Records for processing

☆ ☆ ☆

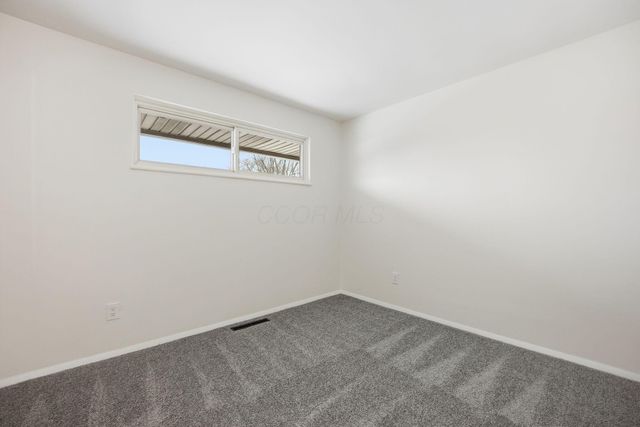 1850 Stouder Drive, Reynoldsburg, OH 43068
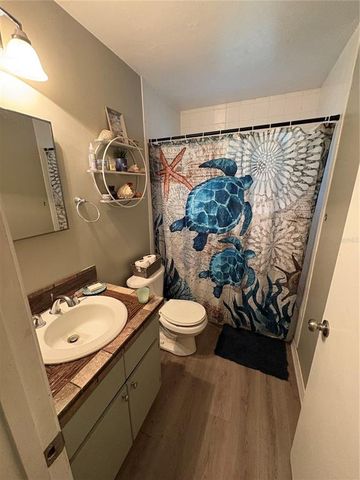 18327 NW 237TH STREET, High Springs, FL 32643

☆ ☆ ☆

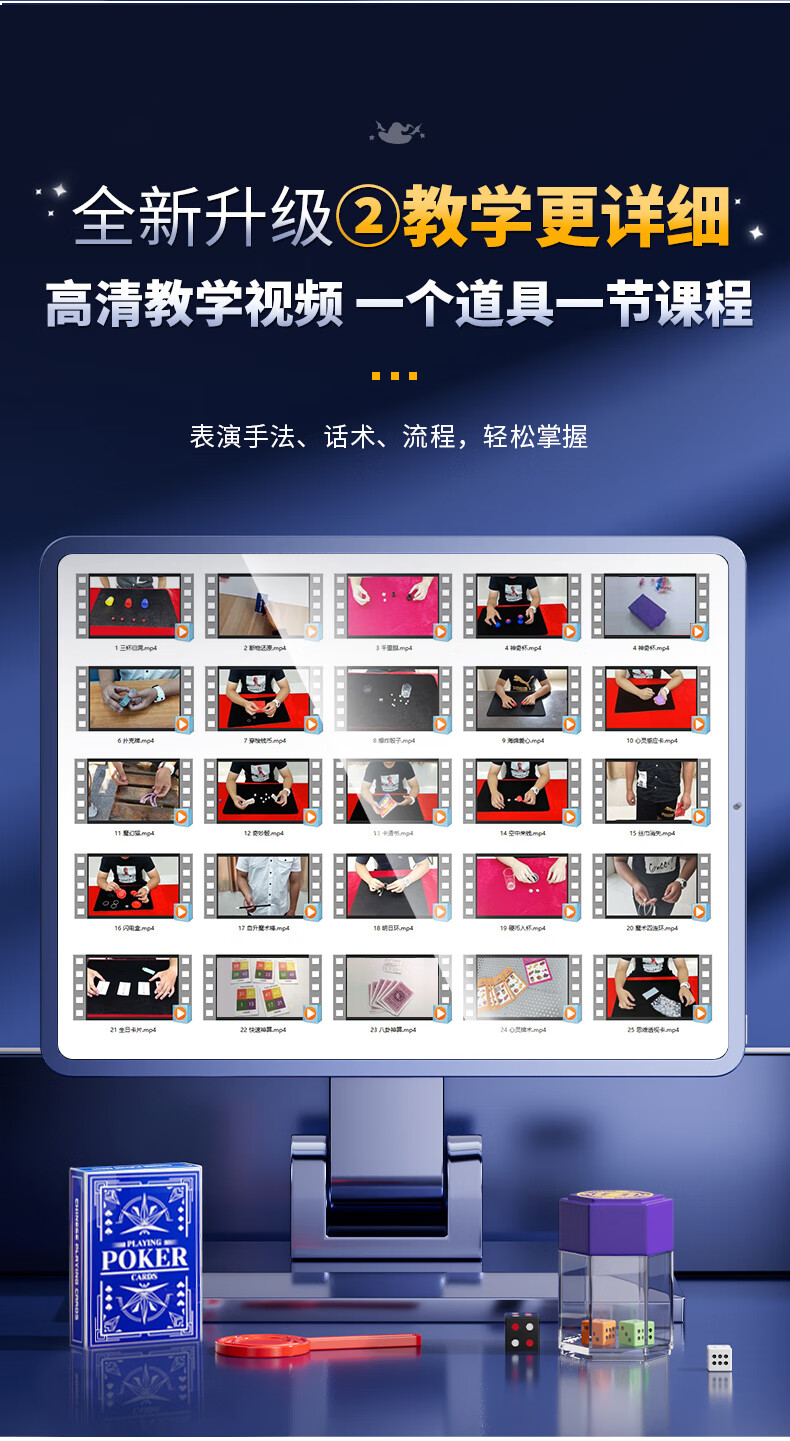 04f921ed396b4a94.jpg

☆ ☆ ☆

With pictures excluded, reproduce exactly the lines above from the one containing "1850 Stouder Drive, Reynoldsburg, OH 43068" down to the one containing "18327 NW 237TH", those two included.

 1850 Stouder Drive, Reynoldsburg, OH 43068
 18327 NW 237TH STREET, High Springs, FL 32643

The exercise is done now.